3) Look after the little things — which, in God’s economy, really are the big things.

Beware a dramatized version of the Christian ministry, which subtly thinks every step has to be sensational. I’ve often felt in my own heart — and hear resonance in others — a kind of messianic view of the ministry where we feel like our lives need to be worthy of written Gospel accounts. Perhaps because we love Christian biography, and still have a sizeable portion of unmortified pride, we suspect that people may write and read biographies about us someday. My counsel would be that when and if such a thought comes, do your level best to dispel it right away. Don’t let a dramatized view of the ministry, that everything has to feel big and immediately significant, lead you to miss the seemingly little things.

Just briefly, let me highlight three sets of relationships, in which the seemingly little things are really the big things:

1) Our relationship with God.

It’s so easy to think in seminary that you’re hearing enough from God in your studies, whether in the classroom or the homework; or if you’re teaching, that you’re hearing enough from God in your preparation. Our counsel is in How to Stay Christian in Seminary to find some patch in Scripture to graze in from which you have no assignment or formal responsibility, to just go there and feed, nurturing your own soul, not as a means to some project. It’s simple, but vitally important to • hear from God daily in the Scriptures, • speak to him daily in prayer, making our requests known to him, • remember his grace, that he is merciful and compassionate, slow to anger, especially when your patience is wearing thin.
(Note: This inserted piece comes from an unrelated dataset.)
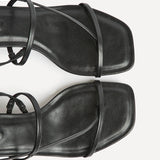 Mode Black Faux Leather Heeled Sandals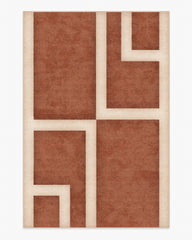 Aldo Terracotta & Cream Rug by The Local Project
Remember the oxygen-mask instructions on the plane: secure your own mask first, then help others. Watch your life; in doing so you’ll save both yourself and your hearers (1 Tim. 4:16).

2) Our relationships at home.

If you’re married, your calling to be a husband is more objective than any call to ministry you may feel. Don’t neglect your calling to be husband to your wife and daddy to your kids, and thus deny the faith and prove worse than an unbeliever (1 Tim. 5:8).

3) Our relationships in the church.

Don’t be a spectator in the local church, or keep the local church at arm’s length, but be fully in — “not neglecting to meet together, as is the habit of some” but “encouraging one another” and considering “how to stir up one another to love and good works” (Hebrews 10:25–26).

Simple As It Is, You Will Fail

Let me close with this word. Even though the counsel we have for you in seasons of waiting — whether seminary or some transition or some vocational change or whatever — even though the counsel is very simple, that does not mean it’s easy. And it doesn’t mean perfection is demanded — or even possible.

You will fail — even as simple and basic as these things are. It’s very simple to say that the key to staying a Christian is being one, but being a Christian is a supernatural thing, piled upon layers and layers of grace, desperately dependent on the Holy Spirit. So, we’re not saying if you fail, but when you fail, don’t lean elsewhere, but lean into God.

When you catch yourself giving yourself a pass, or moving into a holding pattern, repent for presuming that you could do anything apart from Jesus, and cast yourself on him again. He is gracious and merciful, and eager to uphold you, and even have you blossom and flourish, in any season of preparation or transition or waiting.